- **TASK PROMPT**
Repeat the records. Keep every word and mark exactly as it is.

Crawled caption data
______________________________
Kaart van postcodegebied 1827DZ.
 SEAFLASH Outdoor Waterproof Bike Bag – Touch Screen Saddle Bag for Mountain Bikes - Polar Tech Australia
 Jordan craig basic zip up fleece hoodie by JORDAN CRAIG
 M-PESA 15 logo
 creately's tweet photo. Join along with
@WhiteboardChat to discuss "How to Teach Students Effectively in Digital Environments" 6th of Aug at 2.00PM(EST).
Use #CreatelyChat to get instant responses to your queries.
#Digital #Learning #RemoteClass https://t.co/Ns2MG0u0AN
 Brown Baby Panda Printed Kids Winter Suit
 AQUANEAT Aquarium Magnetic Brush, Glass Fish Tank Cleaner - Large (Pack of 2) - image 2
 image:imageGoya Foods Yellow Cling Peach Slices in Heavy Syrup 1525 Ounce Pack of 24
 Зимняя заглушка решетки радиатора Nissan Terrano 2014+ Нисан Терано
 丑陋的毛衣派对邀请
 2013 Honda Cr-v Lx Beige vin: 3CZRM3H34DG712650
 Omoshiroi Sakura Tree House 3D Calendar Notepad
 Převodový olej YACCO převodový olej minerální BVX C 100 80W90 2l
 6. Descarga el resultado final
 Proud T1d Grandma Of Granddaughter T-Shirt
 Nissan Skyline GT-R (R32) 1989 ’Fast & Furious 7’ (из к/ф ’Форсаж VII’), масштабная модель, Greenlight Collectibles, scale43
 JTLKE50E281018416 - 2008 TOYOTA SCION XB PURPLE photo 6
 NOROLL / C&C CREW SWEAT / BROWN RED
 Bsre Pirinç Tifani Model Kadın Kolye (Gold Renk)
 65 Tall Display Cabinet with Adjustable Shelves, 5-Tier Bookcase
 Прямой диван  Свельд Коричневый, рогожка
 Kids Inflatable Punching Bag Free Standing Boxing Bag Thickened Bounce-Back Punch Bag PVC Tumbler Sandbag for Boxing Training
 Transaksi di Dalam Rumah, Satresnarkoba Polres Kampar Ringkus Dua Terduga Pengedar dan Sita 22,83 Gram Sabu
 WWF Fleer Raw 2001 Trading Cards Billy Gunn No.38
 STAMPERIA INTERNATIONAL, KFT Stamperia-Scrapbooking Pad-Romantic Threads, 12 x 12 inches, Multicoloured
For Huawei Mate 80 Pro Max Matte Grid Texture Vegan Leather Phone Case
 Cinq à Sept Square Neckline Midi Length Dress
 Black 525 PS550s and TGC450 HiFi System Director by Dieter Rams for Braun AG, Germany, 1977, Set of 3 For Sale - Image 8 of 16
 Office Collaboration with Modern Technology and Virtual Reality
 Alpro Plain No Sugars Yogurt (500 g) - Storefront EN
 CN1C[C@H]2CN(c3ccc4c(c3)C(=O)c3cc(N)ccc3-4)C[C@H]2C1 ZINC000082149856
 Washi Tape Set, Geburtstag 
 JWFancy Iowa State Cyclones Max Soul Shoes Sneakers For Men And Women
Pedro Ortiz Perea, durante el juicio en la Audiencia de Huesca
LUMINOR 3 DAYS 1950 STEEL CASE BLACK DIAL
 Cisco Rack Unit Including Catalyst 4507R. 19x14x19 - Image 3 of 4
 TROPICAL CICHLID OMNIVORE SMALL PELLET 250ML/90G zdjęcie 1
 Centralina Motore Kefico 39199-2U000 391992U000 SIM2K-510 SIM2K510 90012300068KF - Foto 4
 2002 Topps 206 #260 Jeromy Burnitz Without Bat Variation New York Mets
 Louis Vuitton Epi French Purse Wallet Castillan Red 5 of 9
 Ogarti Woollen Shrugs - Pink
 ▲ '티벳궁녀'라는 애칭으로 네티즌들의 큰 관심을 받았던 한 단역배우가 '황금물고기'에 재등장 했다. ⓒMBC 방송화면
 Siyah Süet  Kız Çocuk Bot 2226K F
______________________________
- **ANSWER TO THE PROBLEM**
Kaart van postcodegebied 1827DZ.
 SEAFLASH Outdoor Waterproof Bike Bag – Touch Screen Saddle Bag for Mountain Bikes - Polar Tech Australia
 Jordan craig basic zip up fleece hoodie by JORDAN CRAIG
 M-PESA 15 logo
 creately's tweet photo. Join along with
@WhiteboardChat to discuss "How to Teach Students Effectively in Digital Environments" 6th of Aug at 2.00PM(EST).
Use #CreatelyChat to get instant responses to your queries.
#Digital #Learning #RemoteClass https://t.co/Ns2MG0u0AN
 Brown Baby Panda Printed Kids Winter Suit
 AQUANEAT Aquarium Magnetic Brush, Glass Fish Tank Cleaner - Large (Pack of 2) - image 2
 image:imageGoya Foods Yellow Cling Peach Slices in Heavy Syrup 1525 Ounce Pack of 24
 Зимняя заглушка решетки радиатора Nissan Terrano 2014+ Нисан Терано
 丑陋的毛衣派对邀请
 2013 Honda Cr-v Lx Beige vin: 3CZRM3H34DG712650
 Omoshiroi Sakura Tree House 3D Calendar Notepad
 Převodový olej YACCO převodový olej minerální BVX C 100 80W90 2l
 6. Descarga el resultado final
 Proud T1d Grandma Of Granddaughter T-Shirt
 Nissan Skyline GT-R (R32) 1989 ’Fast & Furious 7’ (из к/ф ’Форсаж VII’), масштабная модель, Greenlight Collectibles, scale43
 JTLKE50E281018416 - 2008 TOYOTA SCION XB PURPLE photo 6
 NOROLL / C&C CREW SWEAT / BROWN RED
 Bsre Pirinç Tifani Model Kadın Kolye (Gold Renk)
 65 Tall Display Cabinet with Adjustable Shelves, 5-Tier Bookcase
 Прямой диван  Свельд Коричневый, рогожка
 Kids Inflatable Punching Bag Free Standing Boxing Bag Thickened Bounce-Back Punch Bag PVC Tumbler Sandbag for Boxing Training
 Transaksi di Dalam Rumah, Satresnarkoba Polres Kampar Ringkus Dua Terduga Pengedar dan Sita 22,83 Gram Sabu
 WWF Fleer Raw 2001 Trading Cards Billy Gunn No.38
 STAMPERIA INTERNATIONAL, KFT Stamperia-Scrapbooking Pad-Romantic Threads, 12 x 12 inches, Multicoloured
For Huawei Mate 80 Pro Max Matte Grid Texture Vegan Leather Phone Case
 Cinq à Sept Square Neckline Midi Length Dress
 Black 525 PS550s and TGC450 HiFi System Director by Dieter Rams for Braun AG, Germany, 1977, Set of 3 For Sale - Image 8 of 16
 Office Collaboration with Modern Technology and Virtual Reality
 Alpro Plain No Sugars Yogurt (500 g) - Storefront EN
 CN1C[C@H]2CN(c3ccc4c(c3)C(=O)c3cc(N)ccc3-4)C[C@H]2C1 ZINC000082149856
 Washi Tape Set, Geburtstag 
 JWFancy Iowa State Cyclones Max Soul Shoes Sneakers For Men And Women
Pedro Ortiz Perea, durante el juicio en la Audiencia de Huesca
LUMINOR 3 DAYS 1950 STEEL CASE BLACK DIAL
 Cisco Rack Unit Including Catalyst 4507R. 19x14x19 - Image 3 of 4
 TROPICAL CICHLID OMNIVORE SMALL PELLET 250ML/90G zdjęcie 1
 Centralina Motore Kefico 39199-2U000 391992U000 SIM2K-510 SIM2K510 90012300068KF - Foto 4
 2002 Topps 206 #260 Jeromy Burnitz Without Bat Variation New York Mets
 Louis Vuitton Epi French Purse Wallet Castillan Red 5 of 9
 Ogarti Woollen Shrugs - Pink
 ▲ '티벳궁녀'라는 애칭으로 네티즌들의 큰 관심을 받았던 한 단역배우가 '황금물고기'에 재등장 했다. ⓒMBC 방송화면
 Siyah Süet  Kız Çocuk Bot 2226K F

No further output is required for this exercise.